Alan Cumming and Cyndi Lauper in The Threepenny Opera. Joan Marcus

"I had to count the whole time I'd be doing the tango with him, just under my breath, or I'd lose the beat. And he could hear me! He had this really funny impersonation of my counting as he was spinning me around the stage...I learned so much, and it was an honor to work beside those people, all of them. They were wonderful performers. But Alan was like a magnet for me."

When Lauper shifted to the other side of the table on her next Broadway outing, another theatre legend was there to help her find her feet. “I didn't get to go to theatre school, but I went to the Harvey Fierstein School,” Lauper shares, her clear love for her Kinky Boots collaborator shining through. “He was just amazing.
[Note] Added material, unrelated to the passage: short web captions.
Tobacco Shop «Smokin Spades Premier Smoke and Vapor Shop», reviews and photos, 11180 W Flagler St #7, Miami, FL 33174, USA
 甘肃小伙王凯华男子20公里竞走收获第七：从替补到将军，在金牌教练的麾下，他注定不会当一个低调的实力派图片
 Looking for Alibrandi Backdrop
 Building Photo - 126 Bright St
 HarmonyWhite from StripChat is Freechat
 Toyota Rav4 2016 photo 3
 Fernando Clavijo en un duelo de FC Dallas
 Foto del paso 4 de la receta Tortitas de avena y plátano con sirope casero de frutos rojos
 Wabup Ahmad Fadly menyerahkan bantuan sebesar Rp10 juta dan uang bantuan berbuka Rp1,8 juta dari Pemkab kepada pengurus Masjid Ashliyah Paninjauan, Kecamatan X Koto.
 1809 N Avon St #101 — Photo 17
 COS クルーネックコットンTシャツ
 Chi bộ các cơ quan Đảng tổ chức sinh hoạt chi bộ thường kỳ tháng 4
What a great teacher. Everything I do, I keep him in mind.”

While Lauper recently battled two significant bouts with COVID-19, she has built herself back vocally and physically as she prepares for an international farewell tour which kicks off October 18. While this may be fans final chance to see Lauper in all her pop star glory, she's hardly gone over the rainbow; she's simply built a new life for herself at the end of it, where all the colors converge.

Harvey Fierstein and Cyndi Lauper when they were treated to a joint star on the Hollywood Walk of Fame David Buchan

“You can't listen to those voices who tell you, ‘You can't do this’ and ‘You can't do that.’ You have to go on... I haven’t done a tour like this since the 1980s. I've been so busy with Kinky Boots and Working Girl, and my family. But after COVID, it just seemed like this was my chance to do it one more time, and to do it right. I’m going out with a big celebration for all the people who have been following the music, or who enjoyed the music that I put out for these years. Fans, friends, it all blurs sometimes,” she shrugs. “I haven't done a fun tour since 1984, and right now, I just want to have fun with everyone.”

As her documentary explores, Lauper is vividly aware of the impact her work has had on rising female pop stars. During the interview for this piece, rising supernova Chappell Roan and social medias constant comparisons of her visuals to early Lauper, were presented to Lauper for the first time.

"I can't believe I've never seen her before!" Lauper exclaims after looking Roan up for the first time. "Such dusky, yearning keyboard pop. Wow, born in 1998, she's even younger than my son! And that hair! That kind of reminds me of what I did on the blues record, Memphis Blues. This is just incredible. Everything you wind up doing is an artist collective. I'm going to have to reach out to her."

Oh, but one last thing before she returns to her pot of gold. What’s the update on Working Girl? Based on the 1988 rom-com, the show’s been circling in the developmental shadows for over a decade. “I am now working with Theresa Rebeck, and I find her very, very delightful, and it's a good collaboration. I get to work with Stephen Oremus again, and we’re working with Chris Ashley, who is so good at construction, and we are getting somewhere.” 

With only the gentlest of prods, Lauper can’t help but opine. “I think 2025, we will go out of town, and in 2026, will come to Broadway,” Lauper claps, her laugh taking on an even brighter tone. “Well, there you go! I hope we're looking for a theatre, because I just said it!”